The space is absolutely stunning and was used until the 1930s as a church. The original pews were used as much as possible in the redesign, so the desks and shelving have a very unique look. The stained glass windows have an especially interesting story because they were funded by the church members but were finished after the space had become a library.

Torah
New College had an intriguing set of special collections items on display including a massive eighteenth-century Torah scroll. The scroll was left open to a place where we could see the details of the hand stitching holding the pieces together. They also had several editions of the Bible from the fourteenth century, including one made by the "printer to the Queenes most excellent Maiestie" in 1585, also known as Queen Elizabeth I's printer. It was interesting to see that the edition was printed with extensive notes in the margins because this edition was used by the church members, not the general public. There were also a couple of works by John Knox on display, which is especially relevant because his statue is in the courtyard outside of the building. There was also a first edition of John Calvin's Institutes of Christian Religion.

Hymnal collection
We were able to journey into the stacks outside of the main reading room where the journals, pamphlets, overflow books, some special collections, and oversize books are housed. Here lives one of my favorite parts of our time at New College -- a donated collection of old hymn books. My fingers itched to go through them, and I secretly hope one of the 1928 Oxford Book of Carols is among them. If not, many of the hymns from that amazing anthology are probably contained in these old hymnals from around the United Kingdom. Because some of my all-time favorite Christmas carols are old British ones no one in America has heard of (e.g., "Poverty," "Gloucestershire Wassail," "Children's Song of the Nativity," "Coventry Carol"), I would have loved to spend more time perusing the shelves.

14 July 2014

National Library of Scotland

National Library of Scotland
(photo courtesy of the Gazetteer for Scotland)

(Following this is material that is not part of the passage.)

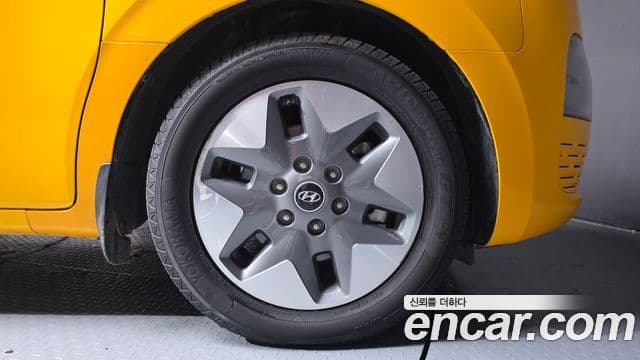 Hyundai Staria 2023 — Photo 10/34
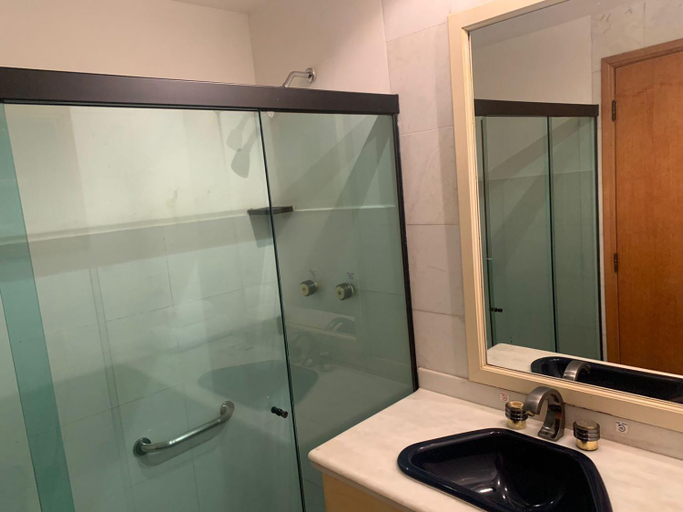 Bathroom 5, Colonial Plaza Hotel Pindamonhangaba, Pindamonhangaba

This morning the LIS class visited an impressive organization -- the National Library of Scotland. Anyone can obtain a reader's ticket here and all items in the facility can be ordered for examination including manuscripts worth £1,000,000. They also offer remote inquiry services (where users can request copies of documents) and have several digitization projects going to make items more accessible to users all over the world. The building is located on the George IV Bridge and spans 15 floors because the back of the building actually descends beneath the bridge and onto the ground below. The books in the stacks are shelved by height, not subject or author. This allows as many shelves as possible to be used within the 6 floors of book space they have.

One large collection the library holds is the John Murray Archives, which is a collection of publishing company John Murray's records and published works spanning 234 years. One of the new exhibitions in the library features a recreation of the London John Murray reading room, complete with some of the books published by John Murray on the shelves. It is surprising that many of these are sitting out where visitors can remove them and flip through them!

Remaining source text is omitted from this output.